● **TASK PROMPT**: Would you copy the listing below exactly, keeping the pictures out?

● **SUPPLIED MATERIAL**:
☆ ☆ ☆

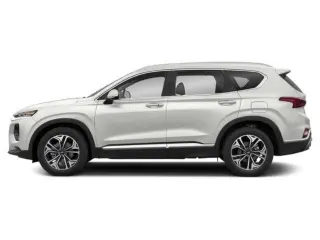 Hyundai SANTA FE 2019 Ultimate 2.0T 4dr Crossover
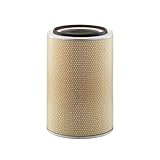 Mann Filter C 33 1840 Air Filter
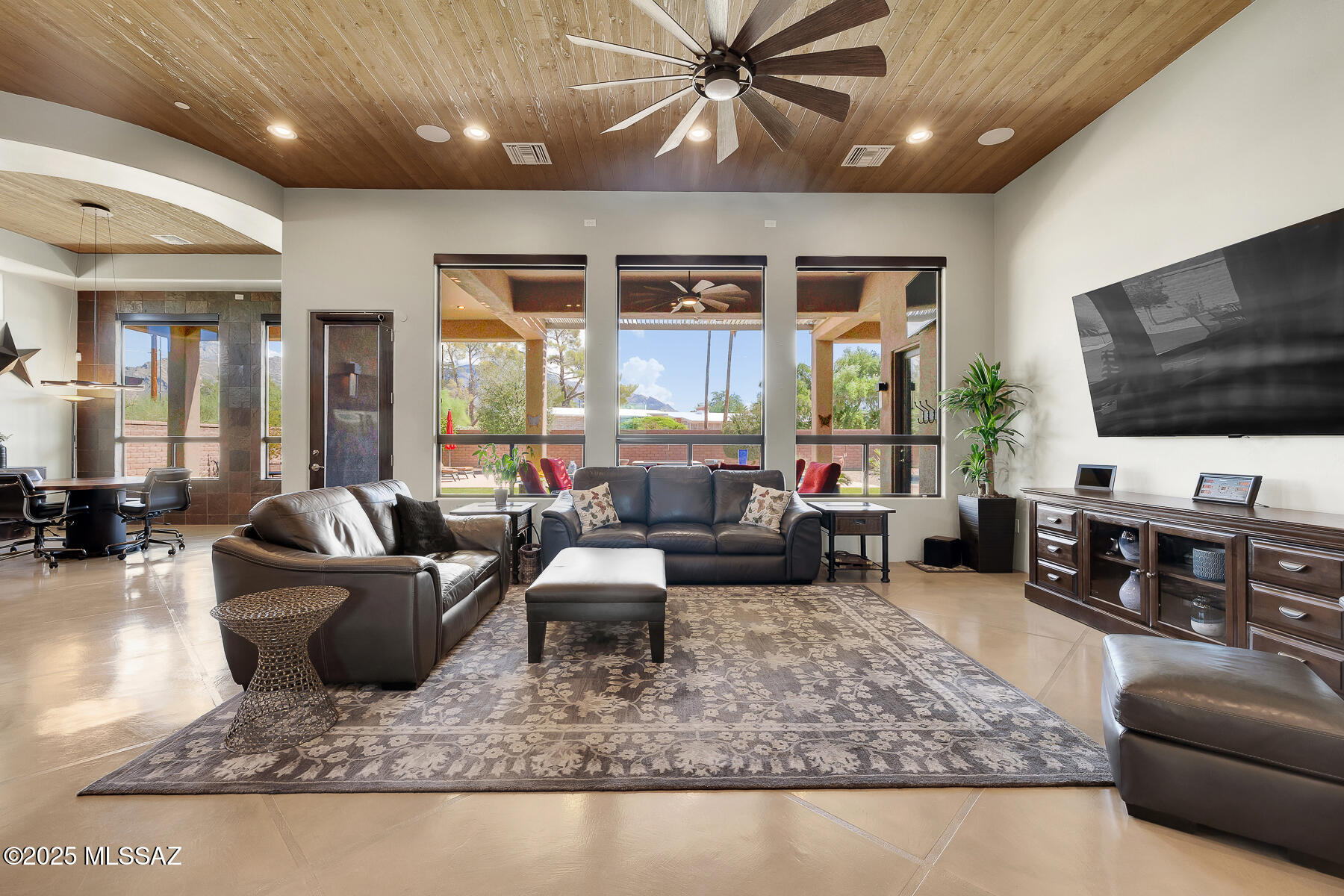 Chula Vista - Residential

☆ ☆ ☆

● **REPLY TO THE EXERCISE**:
 Hyundai SANTA FE 2019 Ultimate 2.0T 4dr Crossover
 Mann Filter C 33 1840 Air Filter
 Chula Vista - Residential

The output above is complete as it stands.